*Work instructions*: Transcribe word for word the lines below from the line with "Minimal IPhone 15 stand" through the line with "1012 Marthas Meadow", ends included.
------------------------
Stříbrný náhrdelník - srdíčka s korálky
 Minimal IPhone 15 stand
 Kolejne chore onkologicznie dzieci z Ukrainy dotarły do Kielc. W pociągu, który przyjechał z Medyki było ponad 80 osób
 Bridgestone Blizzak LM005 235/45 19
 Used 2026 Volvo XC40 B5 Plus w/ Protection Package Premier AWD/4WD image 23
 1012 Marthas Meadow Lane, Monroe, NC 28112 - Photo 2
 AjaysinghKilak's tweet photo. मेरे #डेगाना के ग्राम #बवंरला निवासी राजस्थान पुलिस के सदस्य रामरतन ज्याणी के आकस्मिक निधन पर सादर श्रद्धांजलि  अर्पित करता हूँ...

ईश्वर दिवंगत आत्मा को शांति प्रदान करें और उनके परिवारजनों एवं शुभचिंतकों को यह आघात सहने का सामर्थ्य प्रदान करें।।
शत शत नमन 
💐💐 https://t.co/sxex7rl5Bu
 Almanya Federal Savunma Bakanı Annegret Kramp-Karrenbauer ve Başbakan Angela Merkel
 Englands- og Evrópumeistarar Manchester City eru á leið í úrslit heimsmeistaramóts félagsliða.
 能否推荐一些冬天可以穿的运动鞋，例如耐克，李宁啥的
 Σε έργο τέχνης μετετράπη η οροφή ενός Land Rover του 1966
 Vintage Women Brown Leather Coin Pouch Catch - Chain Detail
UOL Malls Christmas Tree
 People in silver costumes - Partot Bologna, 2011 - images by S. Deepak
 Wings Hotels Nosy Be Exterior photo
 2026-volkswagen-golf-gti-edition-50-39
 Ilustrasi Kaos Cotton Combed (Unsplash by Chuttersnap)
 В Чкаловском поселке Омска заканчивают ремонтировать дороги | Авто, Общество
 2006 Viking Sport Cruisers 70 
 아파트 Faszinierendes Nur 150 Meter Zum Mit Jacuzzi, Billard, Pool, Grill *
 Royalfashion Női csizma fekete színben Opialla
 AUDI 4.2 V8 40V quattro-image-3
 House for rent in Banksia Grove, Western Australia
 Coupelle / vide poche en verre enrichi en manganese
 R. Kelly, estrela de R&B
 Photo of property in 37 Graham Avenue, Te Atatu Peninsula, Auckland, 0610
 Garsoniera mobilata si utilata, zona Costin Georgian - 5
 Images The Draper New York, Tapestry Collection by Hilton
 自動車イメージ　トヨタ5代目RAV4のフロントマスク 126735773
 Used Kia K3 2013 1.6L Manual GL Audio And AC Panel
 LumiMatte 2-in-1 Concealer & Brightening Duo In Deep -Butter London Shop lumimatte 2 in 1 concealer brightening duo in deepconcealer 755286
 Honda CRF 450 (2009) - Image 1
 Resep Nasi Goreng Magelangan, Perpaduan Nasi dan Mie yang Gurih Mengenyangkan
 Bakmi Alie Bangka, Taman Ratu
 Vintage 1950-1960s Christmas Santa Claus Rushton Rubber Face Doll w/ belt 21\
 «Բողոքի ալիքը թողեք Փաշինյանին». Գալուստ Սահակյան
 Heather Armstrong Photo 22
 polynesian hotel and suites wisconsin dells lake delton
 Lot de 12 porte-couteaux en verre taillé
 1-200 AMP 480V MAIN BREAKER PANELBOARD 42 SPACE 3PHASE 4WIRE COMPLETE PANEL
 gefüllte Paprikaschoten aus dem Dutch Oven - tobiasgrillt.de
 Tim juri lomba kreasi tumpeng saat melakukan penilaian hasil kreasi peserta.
------------------------
*Result below*:
 Minimal IPhone 15 stand
 Kolejne chore onkologicznie dzieci z Ukrainy dotarły do Kielc. W pociągu, który przyjechał z Medyki było ponad 80 osób
 Bridgestone Blizzak LM005 235/45 19
 Used 2026 Volvo XC40 B5 Plus w/ Protection Package Premier AWD/4WD image 23
 1012 Marthas Meadow Lane, Monroe, NC 28112 - Photo 2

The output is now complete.